The campaigns of the year 1863 were everywhere memorable, and were, in fact, decisive of the contest in favor of the Union arms.  The capture of Vicksburg, the defeat of Lee at Gettysburg, the great victory at Chattanooga, placed the military power of the insurgents in a waning condition, and made their defeat a mere question of time.  These, the three great events of the year, were accompanied by innumerable lesser achievements, which, combined with the others, made patent the fact that the armies of Union volunteers were the most accomplished troops, the most efficient soldiers, the world had ever seen.  Perhaps the Vicksburg campaign was better illustrative of this than any other, and not only because of the bravery, endurance and all soldierly qualities of the troops directly engaged, but of those also who took part in the campaign, indirectly and at a distance, many of whom, indeed, took part therein so indirectly and at a distance, that careless thinkers might not have thought of any connection at all between the auxiliaries and the principal command.

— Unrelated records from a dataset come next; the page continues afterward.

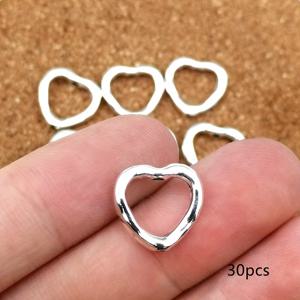 TEMU 14X13Mm 고대 은빛 빈 하트 모양의 작은 구멍 비즈 비즈 스페이서 비즈 DIY 수제 귀걸이 팔찌 목걸이 액세서리 가방 키링 패던드 수제 보석 액세서리 의류 액세서리 10/20/30개|링귀걸이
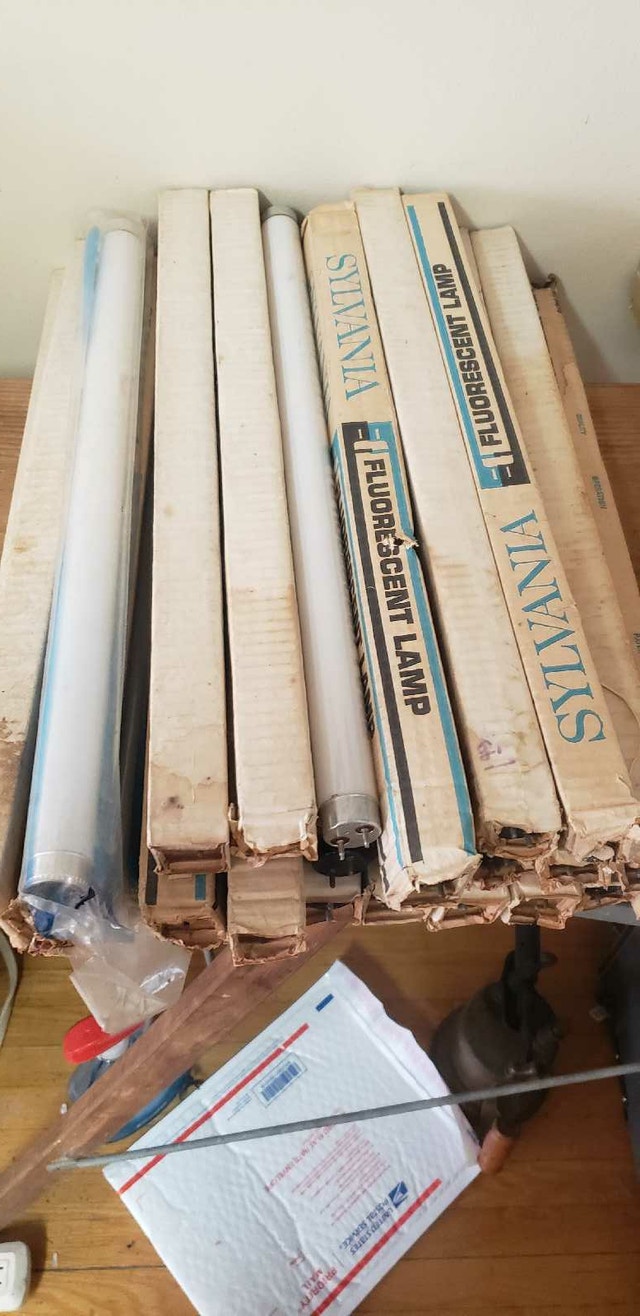 Lot 27 x 15 watts Fluorescent lamp light bulbs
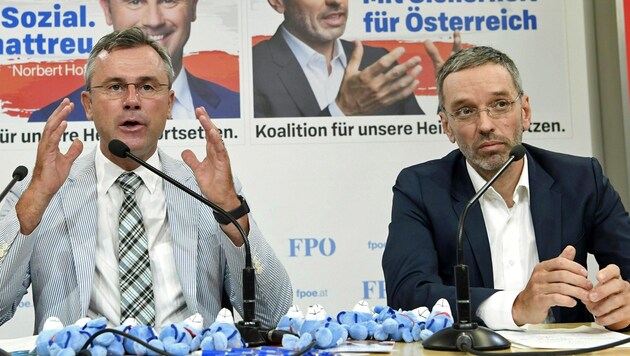 Die FPÖ-Politiker Norbert Hofer und Herbert Kickl (Bild: APA/HANS KLAUS TECHT)
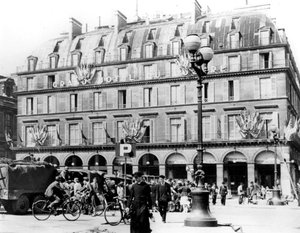Franse troepen van generaal Leclerc in centraal Parijs, augustus 1944 door Unbekannt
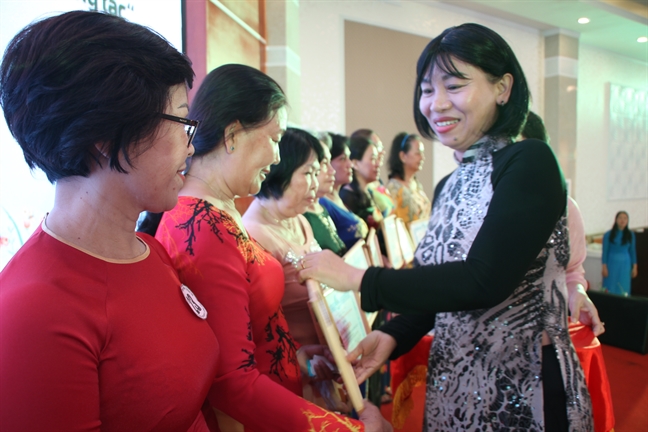 Hội LHPN TP.HCM: Tổng kết 10 năm thực hiện mô hình Chi hội chủ động công tác Hoi LHPN TP.HCM: Tong ket 10 nam thuc hien mo hinh Chi hoi chu dong cong tac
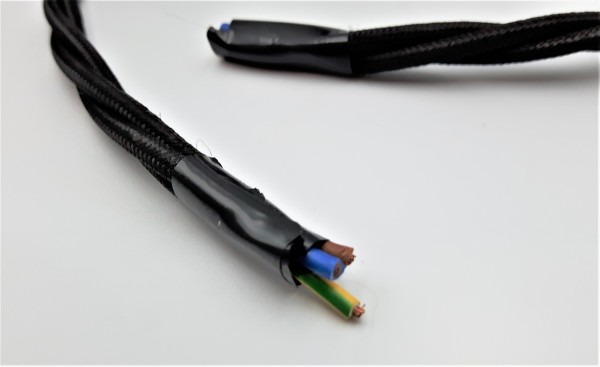 3 Core Braided Silk Flex Electrical Cable 0.75mm black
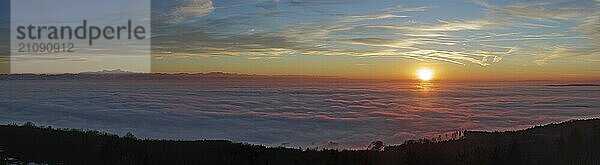 Sonnenuntergang in ein Nebelmeer über dem Bodensee  Inversionswetterlage mit Alpenblick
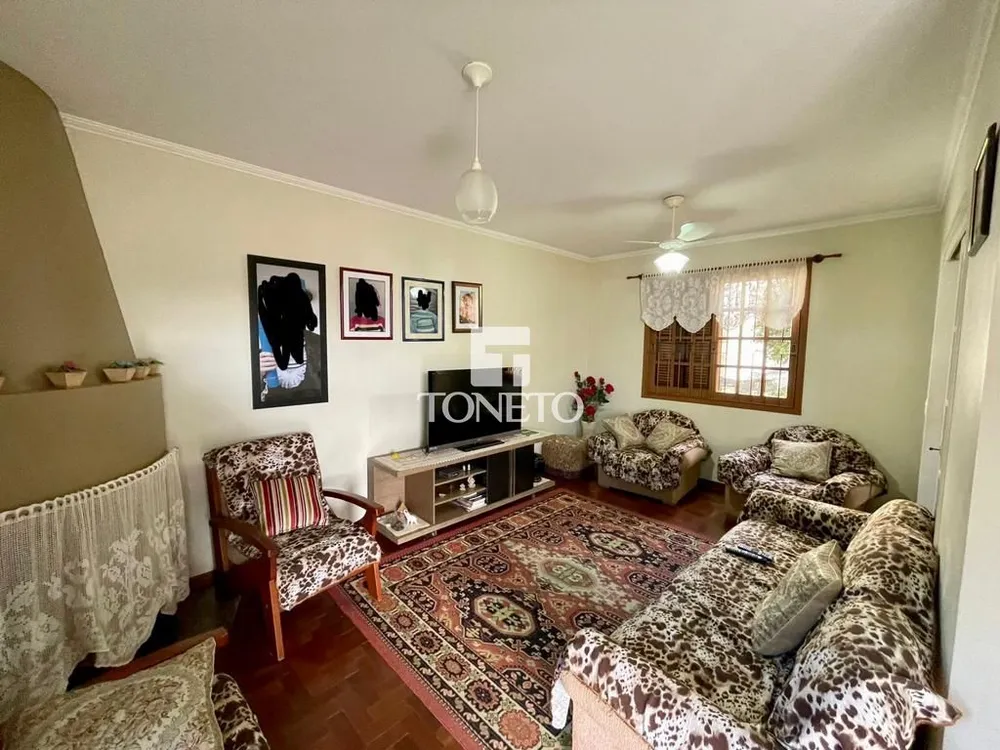 Casa, 4 quartos, 231 m² - Foto 1
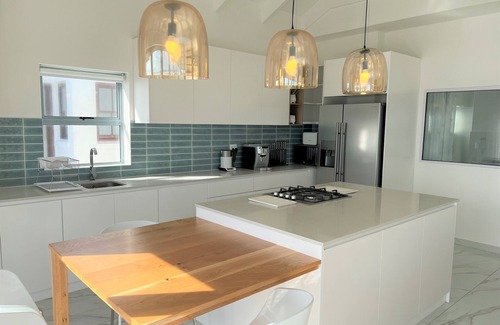 Paternoster Apartment | Location, location, location! Luxury with splendid views.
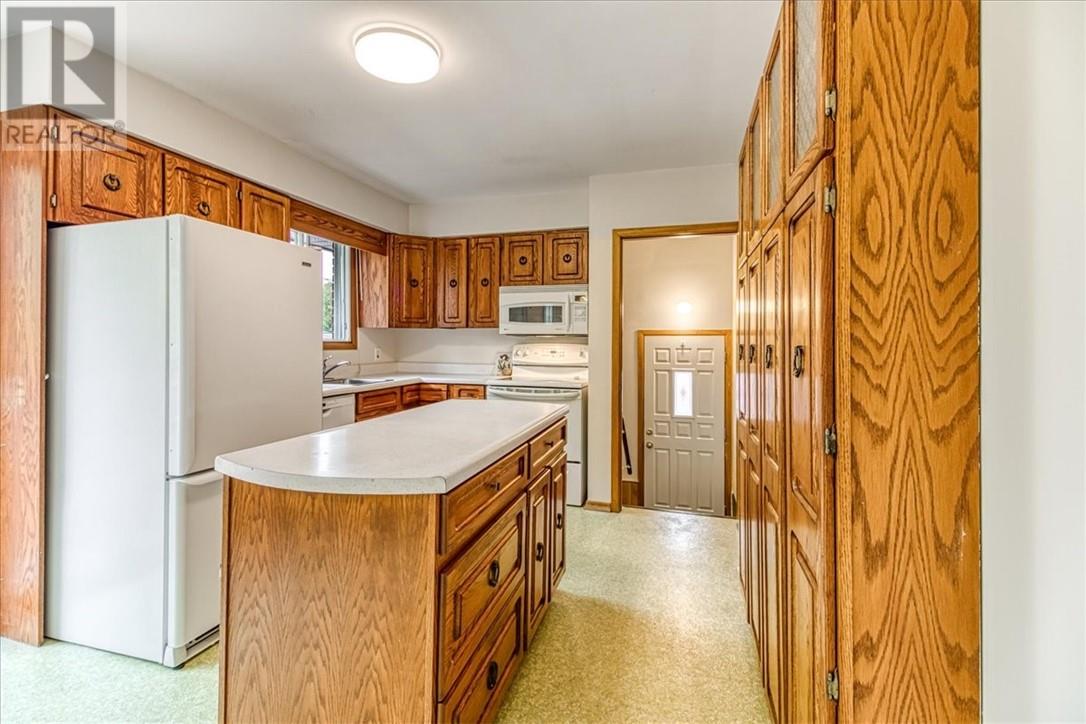 208 Claudia Court, Sudbury, Ontario  P3A 4C2 - Photo 8 - 2127515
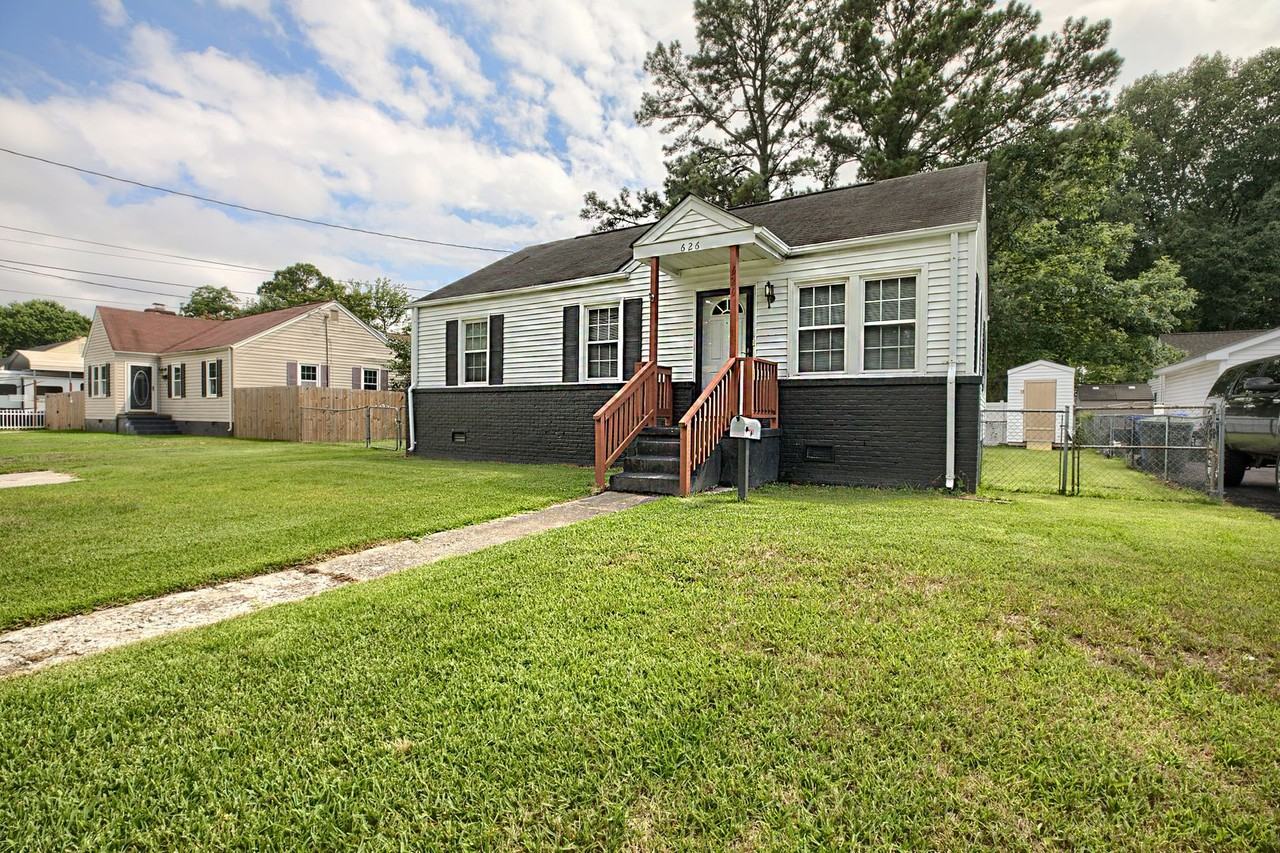 626 Sedgefield Dr - Photo 2 of 20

The troops whose cantonments were along our frontier lines in Tennessee and Mississippi, gained by the campaigns of 1862—Henry, Donelson, Shiloh, Corinth, in May, and Corinth in October—were Gen. Grant's auxiliaries [sic], and many of these commands, though they never saw Vicksburg, had a good right to inscribe that victory on their banners.  Among the most active of these was the 2d Iowa Cavalry, whose services during the first part of the era under consideration, especially, were not only brilliant, but of great value to the Union arms.

Leaving winter quarters at La Grange the 10th of March, 1863, Col. Hatch, for about one mouth, was actively engaged in operations over a considerable portion of northern Mississippi—preventing the concentration of rebel forces, capturing and destroying property, and in many cases inflicting damage on the insurgents —marching several hundred miles altogether, and performing several exploits of great skill and daring.  These operations over, Col. Hatch, commanding brigade, made preparations for that movement known as


The orders for this expedition were made known in camp on the afternoon of April 16.  The column, consisting of the 2d Iowa, the 6th Illinois, the 7th Illinois, with five pieces of light artillery, two pounders, was to move early the next morning, with the object of cutting the railroad and telegraph communications with the rebel army at Vicksburg, in the rear of that city, of inflicting damage generally upon the enemy's resources in central Mississippi, having done which, it was to make way by the best route it could find into the Union lines in the Department of the Gulf.  On the night of the 16th, Col. B. H. Grierson, 6th Illinois, arrived at La Grange and assumed command of the expedition, by virtue of seniority of rank.

On the next morning the column started on this wild march, and bivouacked for the night near Ripley.  Here Col. Hatch separated from the principal command, moving at some distance to the left, skirmishing all day of the 18th with Smith's regiment of partisans.  He rejoined the column a few miles south of Pontotoc, and led the advance thence, avoiding Houston, to Clear Spring, about thirteen miles southeast of Houston.  Col. Hatch now had under his command only about 500 men, Major Love having returned to La Grange with a considerable detachment, including, I believe, troopers from all the regiments in the column.  At Clear Spring, Col. Hatch again left the column with his regiment, and took no further direct part in the raid.  Col. Grierson moved on, and, after destroying many miles of railway and telegraph, immense quantities of property, making a successful diversion in favor of Gen. Grant, marching through sunshine and storm, surmounting almost insurmountable difficulties, reached Baton Rouge on the 2d of May.  “This expedition,” says Gen. Grant himself, “was skillfully conducted, and reflects great credit on Col. Grierson and all of his command.  It has been one of the most brilliant cavalry exploits of the war, and will be handed down in history as an example to be imitated.”  Col. Grierson's name at once became the synonym for energy and pluck, and he was most justly promoted for his gallant achievement.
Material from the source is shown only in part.